Git Product home page Git Product logo

kafka-graphs's Introduction

Kafka Graphs - Graph Analytics with Kafka

Build Status Maven Javadoc

Kafka Graphs is a client layer for distributed processing of graphs with Apache Kafka.

Installing

Releases of Kafka Graphs are deployed to Maven Central.

<dependency>
    <groupId>io.kgraph</groupId>
    <artifactId>kafka-graphs-core</artifactId>
    <version>1.3.0</version>
</dependency>

Creating Graphs

A graph in Kafka Graphs is represented by two tables from Kafka Streams, one for vertices and one for edges. The vertex table is comprised of an ID and a vertex value, while the edge table is comprised of a source ID, target ID, and edge value.

KTable<Long, Long> vertices = ...
KTable<Edge<Long>, Long> edges = ...
KGraph<Long, Long, Long> graph = new KGraph<>(
    vertices, 
    edges, 
    GraphSerialized.with(Serdes.Long(), Serdes.Long(), Serdes.Long())
);

Transforming Graphs

Kafka Graphs provides a number of APIs for transforming graphs in the same manner as Apache Flink Gelly and Apache Spark GraphX.

  • Filtering methods
    • filterOnEdges
    • filterOnVertices
    • subgraph
  • Joining methods
    • joinWithEdges
    • joinWithEdgesOnSource
    • joinWithEdgesOnTarget
    • joinWithVertices
  • Mapping methods
    • mapEdges
    • mapVertices
  • Reducing methods
    • groupReduceOnEdges
    • groupReduceOnNeighbors
    • reduceOnEdges
    • reduceOnNeighbors
  • Transforming methods
    • inDegrees
    • outDegrees
    • undirected

For example, the following will compute the sum of the values of all incoming neighbors for each vertex.

graph.reduceOnNeighbors(new SumValues(), EdgeDirection.IN);

Pregel-Based Graph Algorithms

Kafka Graphs provides a number of graph algorithms based on the vertex-centric approach of Pregel. The vertex-centric approach allows a computation to "think like a vertex" so that it only need consider how the value of a vertex should change based on messages sent from other vertices.
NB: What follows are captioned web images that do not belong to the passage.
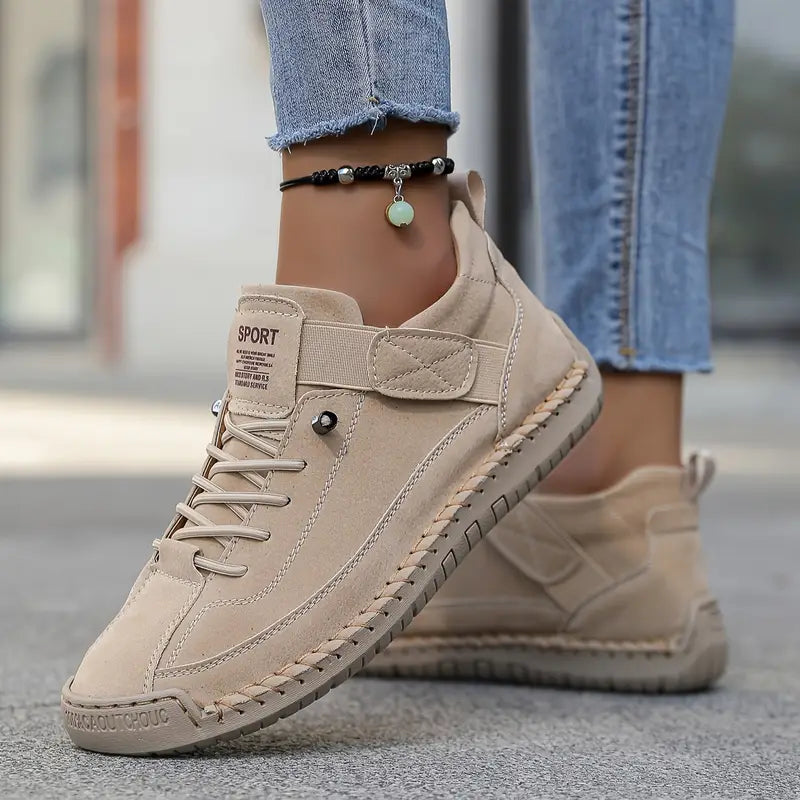 ELIRA - COMFORTABLE AND SUPPORTIVE SHOES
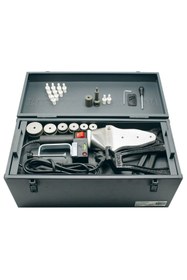 Resim Fusion Sf3 700w Pprc Plastik Boru Kaynak Makinesi Seti - Sf3-s2 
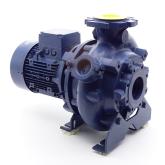 Kreiselpumpe 38100.Z/B+7,5/4 7AA132M04 Neu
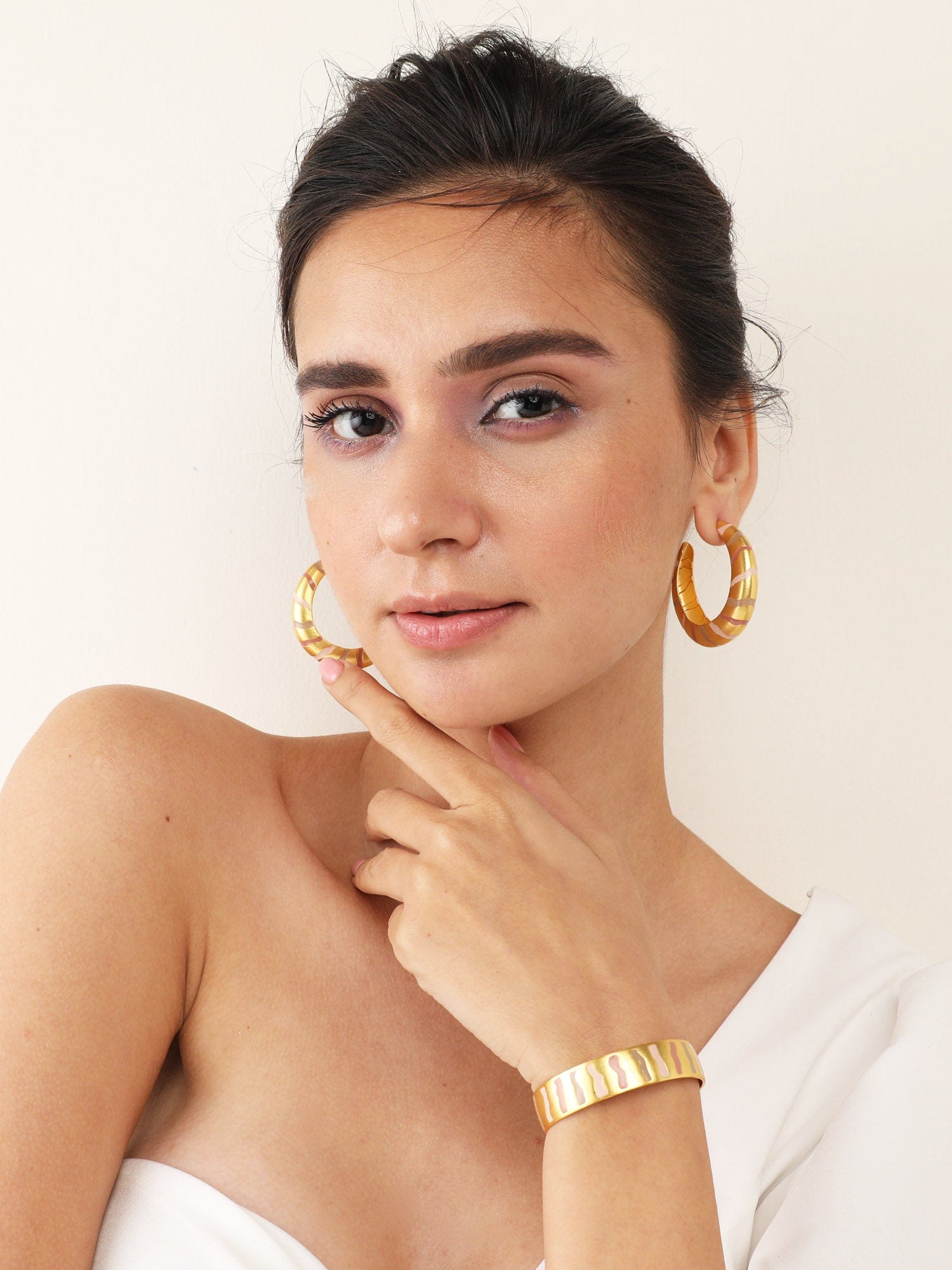 Lucia bracelet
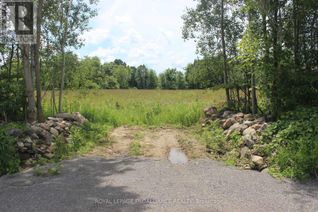 Commercial Land for Sale, 1064 Quin Mo Lac Road, Centre Hastings, ON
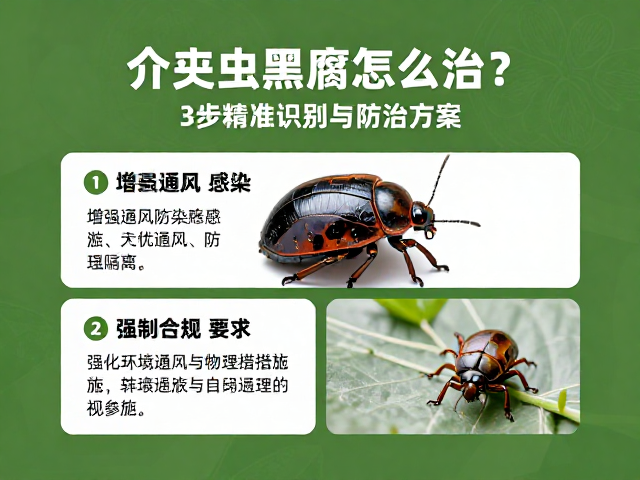 强化环境通风与物理隔离措施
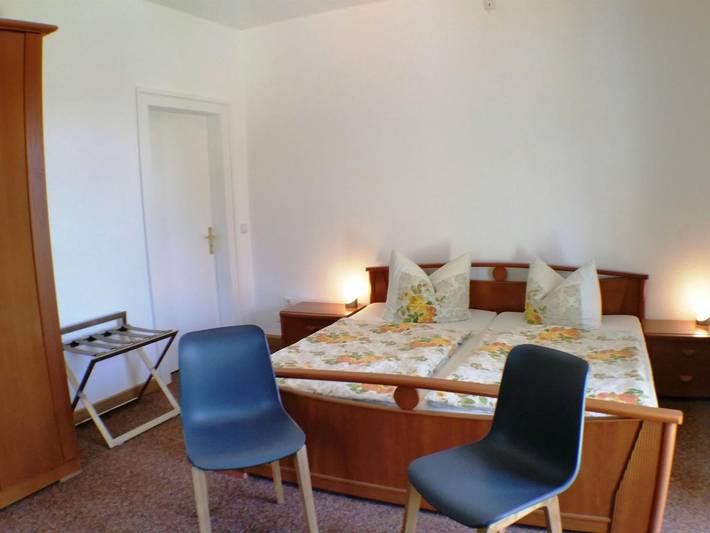Ferienwohnung für 4 Personen, mit Balkon und Terrasse in Sebnitz - 4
The following algorithms are provided by Kafka Graphs:

  1. Breadth-first search (BFS): given a source vertex, determines the minimum number of hops to reach every other vertex.
  2. Label propagation (LP): finds communities in a graph by propagating labels between neighbors.
  3. Local clustering coefficient (LCC): computes the degree of clustering for each vertex as determined by the ratio between the number of triangles a vertex closes with its neighbors to the maximum number of triangles it could close.
  4. Multiple-source shortest paths (MSSP): given a set of source vertices, finds the shortest paths from these vertices to all other vertices.
  5. PageRank (PR): measures the rank or popularity of each vertex by propagating influence between vertices.
  6. Single-source shortest paths (SSSP): given a source vertex, finds the shortest paths to all other vertices.
  7. Weakly connected components (WCC): determines the weakly connected component for each vertex.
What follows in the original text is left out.